By Bo Clayton
After nearly two decades of flat load growth, U.S. electricity demand is rising. Fast. The boost in domestic industry related to the growth of data centers and increased economywide electrification is driving operators to revise load forecasts and scramble to flag concerns about future capacity insufficiency.
They are right to be concerned: This new load is coming onto the aging grid far faster than solutions to handle that demand. New generation takes years to get through the backlogged interconnection queue; new and expanded transmission capacity even longer. We need to be using every tool in our toolbox to help meet these challenges — and energy efficiency is critical to ensuring we can do this effectively and affordably.
For at least half a century — since the 1970s U.S. energy crisis — energy efficiency has been America’s cheapest, most reliable source of energy. Even as modern, clean technologies like solar PV, wind energy and battery energy storage have tumbled down their cost curves, megawatts of efficiency remain a winning bet for states and their utilities.
A recent Lawrence Berkeley National Laboratory study confirms energy efficiency plays a significant role in many states. These energy efficiency programs range from major industrial-scale efforts to reduce consumption to hundreds of millions of residential customers around the country installing products and taking actions that, in aggregate, save a lot of energy and money.
Rather than identifying ways to promote further efficiency in its footprint, the nation’s largest grid operator — PJM — inexplicably is taking the opposite approach. PJM is pursuing imminent changes that effectively will gut energy efficiency across its region, precisely at a time when those gigawatts of capacity are needed more than ever.
PJM is seeking to bypass its standard stakeholder process to make a “quick fix” to its rules governing energy efficiency. PJM’s hasty proposal, which will be voted on at its Markets and Reliability Committee meeting March 20, essentially would invalidate a majority of states’ energy-efficiency programs by establishing an arbitrary timeline for when PJM thinks states should update their own energy-efficiency guidelines. (See PJM MIC Briefs: March 6, 2024; and PJM Seeking Expedited Approval of Energy Efficiency Changes.)

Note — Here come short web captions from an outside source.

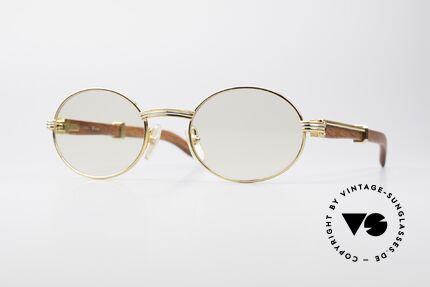 Cartier Giverny Oval Wood Sunglasses, precious oval CARTIER vintage sunglasses from 1990, Made for Men and Women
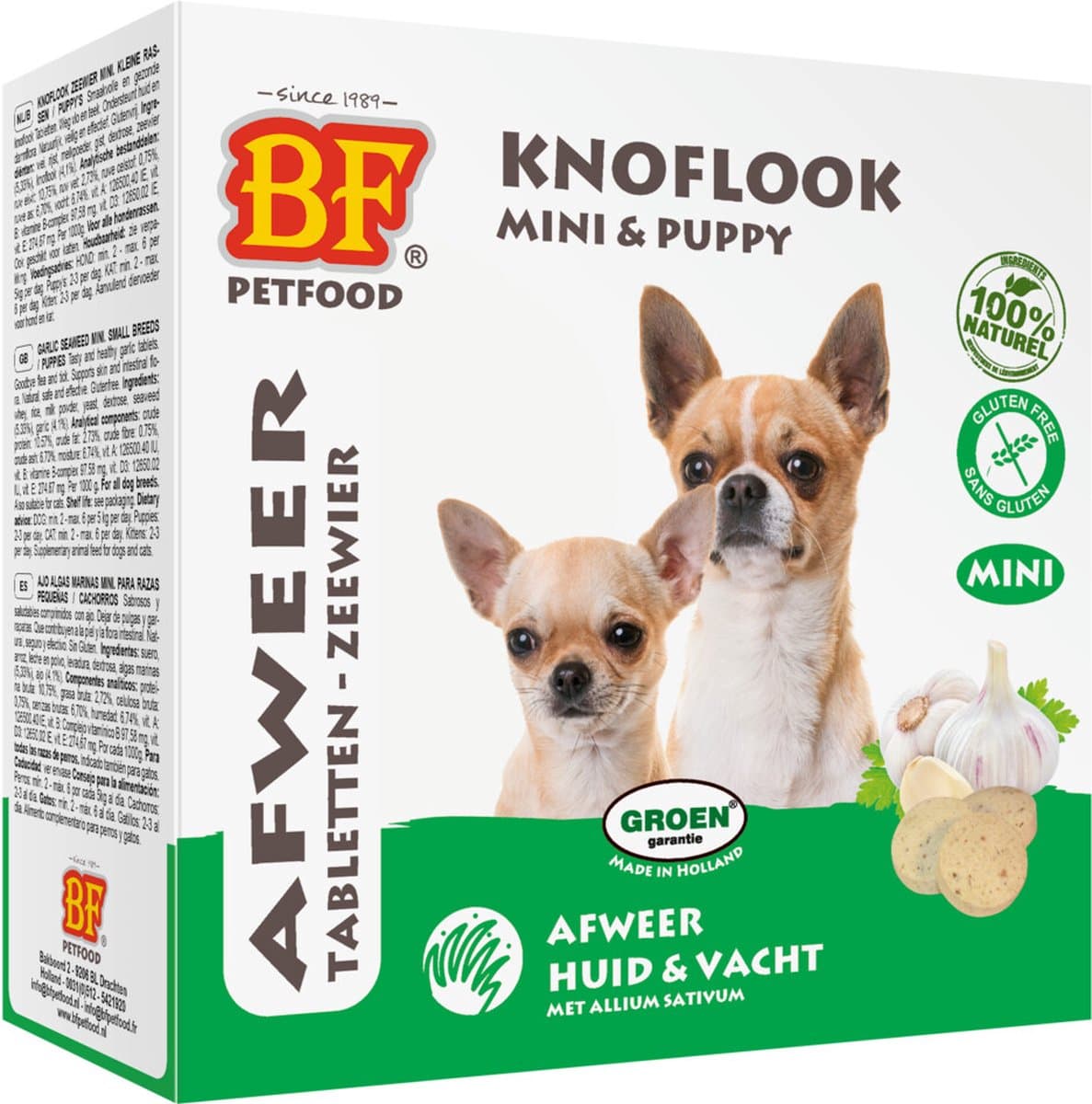 BF Petfood - Hondensnoepjes - Bij Vlo - Knoflook - Zeewier - Mini - 16x55 stuks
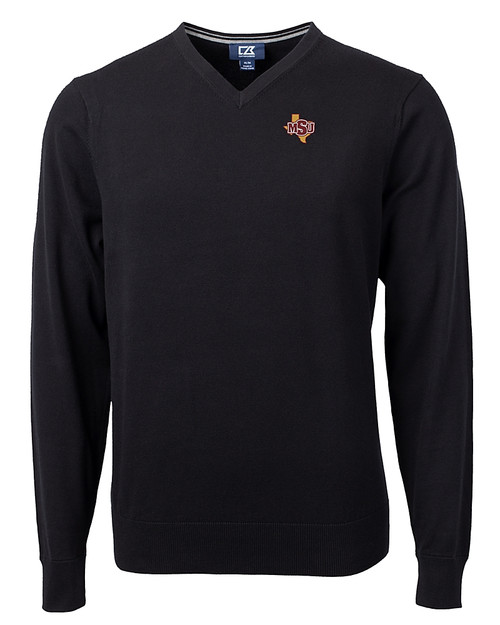 Midwestern State Mustangs Cutter & Buck Lakemont Tri-Blend Mens V-Neck Pullover Sweater Black Mannequin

PJM didn’t bother to explain which state programs would be impacted or provide support for its concern about how states are running these programs. This is irresponsible at best and outright disrespectful of state programs and efficiency progress at worst.
In parallel, it effectively would eliminate the ability to aggregate energy efficiency through big box retailers, removing the primary means of energy efficiency participation in PJM to date. This could significantly hamper consumer adoption of energy efficiency solutions such as LED light bulbs and spray foam insulation.
Make no mistake: PJM should revisit its rules governing efficiency’s participation in the capacity market. Much has changed in the 17 years since these rules first were adopted. They are outdated and due for overhaul. But the process to do so must be transparent, inclusive and thoughtful.
PJM isn’t even planning to allow its regulator — FERC — to have a say on the changes. That leaves it up to the PJM stakeholders to push back. If you are a stakeholder, I urge you to pursue the harder but better approach: Send the issue back to lower committees for thoughtful deliberation including PJM staff, states and others with a stake in the outcome. Anything less flies in the face of PJM’s own commitment to consensus-based issue resolution, to the detriment of consumers and grid reliability. Moreover, PJM will be abdicating its place at the forefront of energy innovation.
This is not the time for PJM to erase decades of progress on energy efficiency by hastily implementing an ill-conceived rule change with far-reaching ramifications.
Bo Clayton is the CEO of American Efficient, a developer of energy efficiency resources with 10 years of operating history in PJM.